Once upon a time, someone had an idea. A grand idea. A monumental idea. They were going to revamp the Ooligan website! Now, it wouldn’t be easy. There would be trials. Tribulations. HTML upsets. Images not uploading correctly. But they were determined. And, as in most PG-13 fairytales, it has a happy ending. The website looks great. The books are visible. Ooligan Press even has its own URL now. Unfortunately, all magic has a cost. This cost was that blogs were put on hold for about a year.
In most presses, this would not be that big of a deal. Yes, engagement might go down for a short period, but that’s nothing compared to increasing the useability of the website as a whole. However, since all of the managers in Ooligan Press are part of the book publishing master’s program at Portland State University, the life expectancy in any given position of the press is about a year. That is to say, I had never even written a blog post for Ooligan Press when I was put in charge of managing them. But that’s ok. As someone smart once said, “Confusion is a Learning State.” I learned how to manage blogs, and I can teach you as well.

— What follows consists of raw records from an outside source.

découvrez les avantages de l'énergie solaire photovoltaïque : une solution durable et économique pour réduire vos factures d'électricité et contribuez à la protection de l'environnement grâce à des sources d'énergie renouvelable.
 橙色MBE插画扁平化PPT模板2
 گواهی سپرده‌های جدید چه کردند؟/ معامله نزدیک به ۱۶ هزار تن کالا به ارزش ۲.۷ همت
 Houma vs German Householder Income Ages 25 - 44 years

The process begins with a lesson to all of Ooligan Press on how to write and submit their blogs. It is quite a long lesson, since the process is both confusing and has many steps. We will only be glancing at that lesson when it becomes relevant to what I’m discussing. Just know that in all my (two) times managing this assignment, I’ve never had 100 percent of the other students turn their work in correctly. Realistically, what those two times had in common was I was teaching the lesson, but I’m going to ignore that statistic.

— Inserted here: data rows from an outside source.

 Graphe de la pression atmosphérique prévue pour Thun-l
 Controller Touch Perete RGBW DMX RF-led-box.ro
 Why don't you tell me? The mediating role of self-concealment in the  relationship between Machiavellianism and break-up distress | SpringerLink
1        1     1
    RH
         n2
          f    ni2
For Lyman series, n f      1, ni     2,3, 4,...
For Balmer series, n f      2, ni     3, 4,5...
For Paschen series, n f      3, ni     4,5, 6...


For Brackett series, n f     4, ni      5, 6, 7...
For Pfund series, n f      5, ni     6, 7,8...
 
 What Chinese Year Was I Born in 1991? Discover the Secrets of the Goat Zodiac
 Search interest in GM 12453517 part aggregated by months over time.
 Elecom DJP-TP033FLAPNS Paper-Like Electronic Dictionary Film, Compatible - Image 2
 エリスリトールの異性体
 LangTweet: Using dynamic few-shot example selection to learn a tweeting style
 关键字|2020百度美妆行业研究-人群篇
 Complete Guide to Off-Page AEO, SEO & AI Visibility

My next step is setting up the Google Sheet where people can submit their topics ahead of writing the blog. Since we have a lot of people in the press, and about a decade of blogs on our website already, the topics need to be checked to see if they have been done recently. They also need to be checked to see if they’re appropriate for a blog and can be done in a certain word count.
Once I have that set up, I make a list on Trello (our business workspace) for this term’s blog posts and add a card onto it for every post being written that term. These cards allow the students to upload their posts and for me and our copy chief to check off our steps in an organized manner.
After the students have uploaded the blog posts, I wait for our copy chief to go over them, and then I schedule them to post on the blog. I typically schedule a month in advance, with Ooligan manager blogs on Mondays. I am responsible for checking and inputting the metadata into the Ooligan website when I schedule. Sometimes I’ll alter the data the students have given me to fit better for SEO, but mostly I’ll copy and paste it into the relevant sections on our website. Then I hit “Schedule Post.” Yay! Blog post uploaded! My work doesn’t stop there though.
I move the card to the “Scheduled Blogs” list on Trello so that we still have access to it before it goes live; then I make an Instagram and Facebook post to go out the day the blog post does. I just use the image chosen by the student, but sometimes I’ll have to crop it if it doesn’t fit Instagram’s guidelines, or Instagram is making it show up in a strange manner.
Finally, I grade everyone for their blogs. I won’t go into my grading secrets, but you should know that there have been tears. (My tears, but that still counts!) Grading the blogs is the very last step of this process, just in time for it to start all over again in a new term!